Vladimir Lenin's Cult of Personality
"[A cult of personality] is the complete identification of a nation with its leader. What is good for the leader is good for the nation. What is good for the nation is what the leader says is good for the nation."
-Ted Gottfried, author of The Stalinist Empire
Following his death on January 21, 1924, a cult of personality was developed around Vladimir Lenin. It was the first communist example of the cult of personality, to which that of Joseph Stalin was the second.

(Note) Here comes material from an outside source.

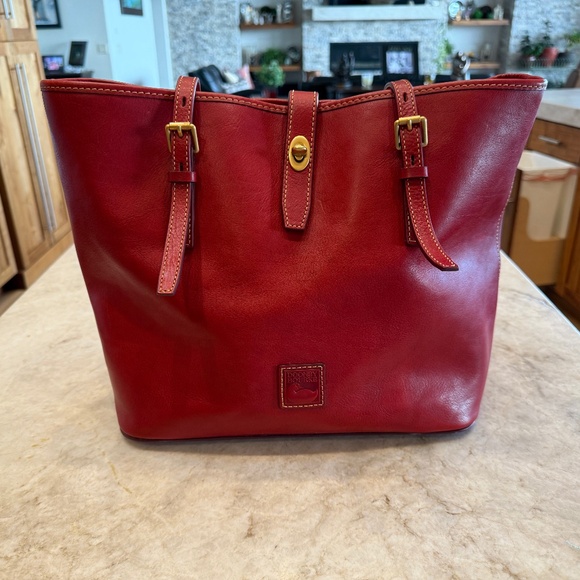 ****Authentic**** Dooney & Bourke Florentine Dover Tote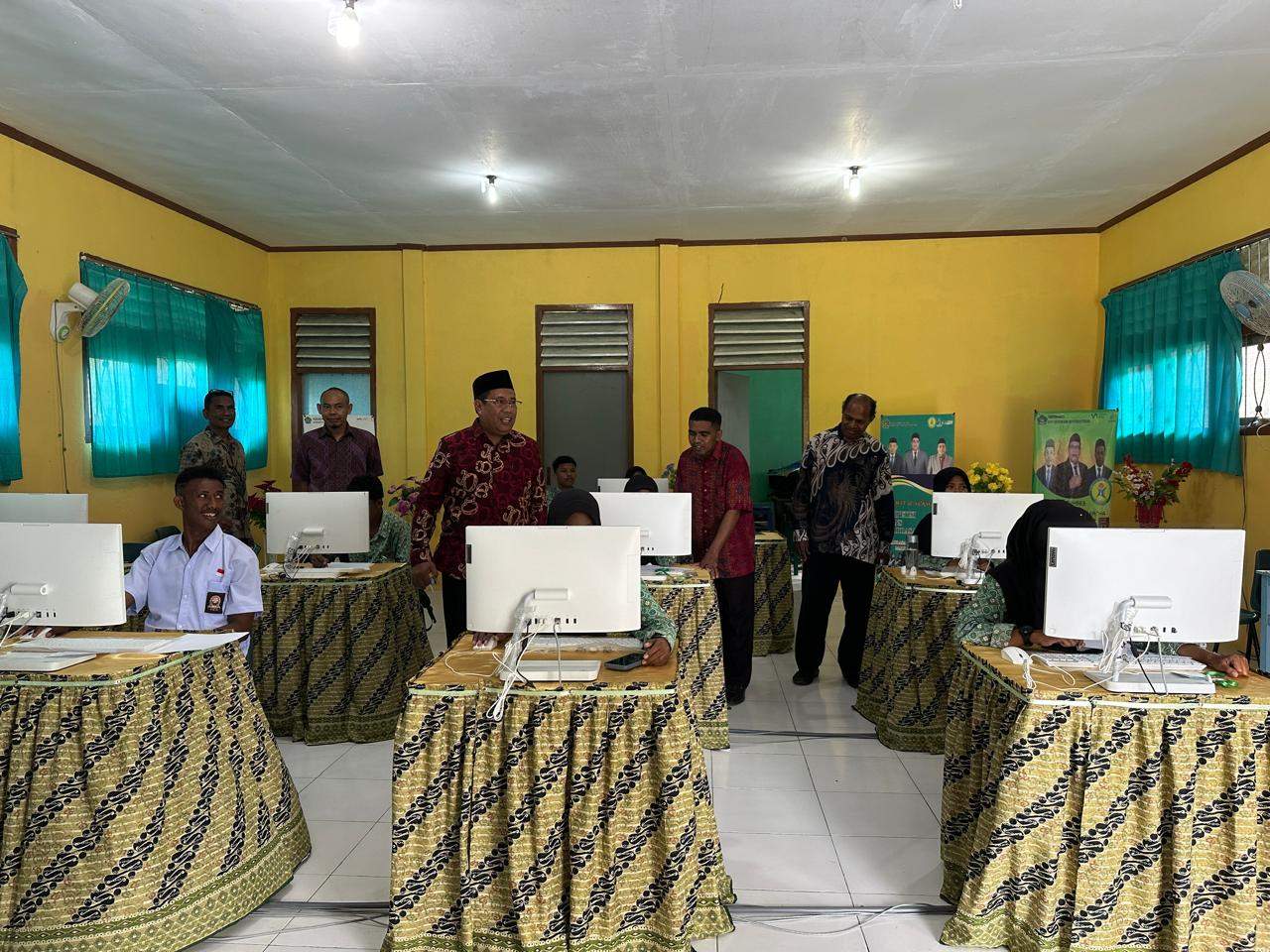 Pantau Uji Coba Kompetensi Sains Madrasah di MAN 1 Langgur, Kakan Kemenag Malra Sampaikan Apresiasi dan Motivasi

"Lenin lived, Lenin lives, Lenin will live.” -Caption of poster |
"With Lenin dead, an extraordinary thought took root in the minds of some of the Russian Communist Party: do not bury Lenin, but mummify his body- just like some Pharoah of old- and keep it in a mausoleum where everyone could come to see it. This was done, and since 1924 millions of people have been to Moscow to see Lenin. The mausoleum is so sacred that photography is forbidden inside it, and no one may even stop and stare; you must keep moving when in the tomb. How Lenin would have hated it all if he were still alive!" -Martin McCauley, author of The Stalin File |
"Lenin is dead. Leninism lives. It lives in our great party, in the Communist International, in the revolutionary movement of the whole world. When the proletarian revolution is victorious throughout the world that will be first and foremost the victory of Lenin."